Your goal —
This exercise calls for an exact transcription. Set down every record below.

Materials provided —
————————

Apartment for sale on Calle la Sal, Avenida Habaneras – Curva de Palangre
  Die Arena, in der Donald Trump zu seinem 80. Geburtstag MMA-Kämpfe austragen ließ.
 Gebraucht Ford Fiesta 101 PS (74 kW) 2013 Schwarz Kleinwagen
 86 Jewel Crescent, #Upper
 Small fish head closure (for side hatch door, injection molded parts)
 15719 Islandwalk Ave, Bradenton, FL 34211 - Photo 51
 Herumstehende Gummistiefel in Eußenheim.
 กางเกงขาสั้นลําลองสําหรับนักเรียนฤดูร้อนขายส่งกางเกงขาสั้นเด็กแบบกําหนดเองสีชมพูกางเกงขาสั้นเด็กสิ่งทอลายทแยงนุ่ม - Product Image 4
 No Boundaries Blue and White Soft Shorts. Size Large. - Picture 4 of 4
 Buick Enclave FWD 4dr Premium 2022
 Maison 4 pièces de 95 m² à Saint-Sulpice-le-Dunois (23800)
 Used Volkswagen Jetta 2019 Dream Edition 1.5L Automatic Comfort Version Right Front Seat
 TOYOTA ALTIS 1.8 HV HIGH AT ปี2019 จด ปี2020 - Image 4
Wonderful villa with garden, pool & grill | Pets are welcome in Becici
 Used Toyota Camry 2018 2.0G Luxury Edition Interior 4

————————

Result —
Apartment for sale on Calle la Sal, Avenida Habaneras – Curva de Palangre
  Die Arena, in der Donald Trump zu seinem 80. Geburtstag MMA-Kämpfe austragen ließ.
 Gebraucht Ford Fiesta 101 PS (74 kW) 2013 Schwarz Kleinwagen
 86 Jewel Crescent, #Upper
 Small fish head closure (for side hatch door, injection molded parts)
 15719 Islandwalk Ave, Bradenton, FL 34211 - Photo 51
 Herumstehende Gummistiefel in Eußenheim.
 กางเกงขาสั้นลําลองสําหรับนักเรียนฤดูร้อนขายส่งกางเกงขาสั้นเด็กแบบกําหนดเองสีชมพูกางเกงขาสั้นเด็กสิ่งทอลายทแยงนุ่ม - Product Image 4
 No Boundaries Blue and White Soft Shorts. Size Large. - Picture 4 of 4
 Buick Enclave FWD 4dr Premium 2022
 Maison 4 pièces de 95 m² à Saint-Sulpice-le-Dunois (23800)
 Used Volkswagen Jetta 2019 Dream Edition 1.5L Automatic Comfort Version Right Front Seat
 TOYOTA ALTIS 1.8 HV HIGH AT ปี2019 จด ปี2020 - Image 4
Wonderful villa with garden, pool & grill | Pets are welcome in Becici
 Used Toyota Camry 2018 2.0G Luxury Edition Interior 4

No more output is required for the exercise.